*** Opening Task data ***

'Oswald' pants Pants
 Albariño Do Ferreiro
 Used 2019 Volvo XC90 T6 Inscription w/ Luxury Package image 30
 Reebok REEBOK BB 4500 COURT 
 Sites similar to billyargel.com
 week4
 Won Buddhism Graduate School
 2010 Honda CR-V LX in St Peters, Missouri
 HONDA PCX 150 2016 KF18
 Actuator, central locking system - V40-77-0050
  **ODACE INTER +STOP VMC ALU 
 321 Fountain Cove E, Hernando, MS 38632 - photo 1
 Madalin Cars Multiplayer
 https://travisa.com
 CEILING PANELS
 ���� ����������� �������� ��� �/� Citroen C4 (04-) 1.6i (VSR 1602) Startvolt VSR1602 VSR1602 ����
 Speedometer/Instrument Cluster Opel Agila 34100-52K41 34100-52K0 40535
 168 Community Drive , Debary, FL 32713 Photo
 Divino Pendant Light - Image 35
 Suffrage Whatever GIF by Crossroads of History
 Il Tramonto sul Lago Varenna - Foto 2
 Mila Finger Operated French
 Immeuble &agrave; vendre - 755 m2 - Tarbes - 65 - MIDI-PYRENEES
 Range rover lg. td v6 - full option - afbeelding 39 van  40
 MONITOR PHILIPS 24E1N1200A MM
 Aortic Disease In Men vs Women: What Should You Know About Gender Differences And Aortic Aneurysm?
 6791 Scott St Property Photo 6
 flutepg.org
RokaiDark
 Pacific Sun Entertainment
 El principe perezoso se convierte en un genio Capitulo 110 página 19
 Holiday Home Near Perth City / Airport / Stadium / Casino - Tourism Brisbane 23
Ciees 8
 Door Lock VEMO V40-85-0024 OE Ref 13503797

*** Closing Task data ***

Repeat the entries exactly as they appear.

Written response
'Oswald' pants Pants
 Albariño Do Ferreiro
 Used 2019 Volvo XC90 T6 Inscription w/ Luxury Package image 30
 Reebok REEBOK BB 4500 COURT 
 Sites similar to billyargel.com
 week4
 Won Buddhism Graduate School
 2010 Honda CR-V LX in St Peters, Missouri
 HONDA PCX 150 2016 KF18
 Actuator, central locking system - V40-77-0050
  **ODACE INTER +STOP VMC ALU 
 321 Fountain Cove E, Hernando, MS 38632 - photo 1
 Madalin Cars Multiplayer
 https://travisa.com
 CEILING PANELS
 ���� ����������� �������� ��� �/� Citroen C4 (04-) 1.6i (VSR 1602) Startvolt VSR1602 VSR1602 ����
 Speedometer/Instrument Cluster Opel Agila 34100-52K41 34100-52K0 40535
 168 Community Drive , Debary, FL 32713 Photo
 Divino Pendant Light - Image 35
 Suffrage Whatever GIF by Crossroads of History
 Il Tramonto sul Lago Varenna - Foto 2
 Mila Finger Operated French
 Immeuble &agrave; vendre - 755 m2 - Tarbes - 65 - MIDI-PYRENEES
 Range rover lg. td v6 - full option - afbeelding 39 van  40
 MONITOR PHILIPS 24E1N1200A MM
 Aortic Disease In Men vs Women: What Should You Know About Gender Differences And Aortic Aneurysm?
 6791 Scott St Property Photo 6
 flutepg.org
RokaiDark
 Pacific Sun Entertainment
 El principe perezoso se convierte en un genio Capitulo 110 página 19
 Holiday Home Near Perth City / Airport / Stadium / Casino - Tourism Brisbane 23
Ciees 8
 Door Lock VEMO V40-85-0024 OE Ref 13503797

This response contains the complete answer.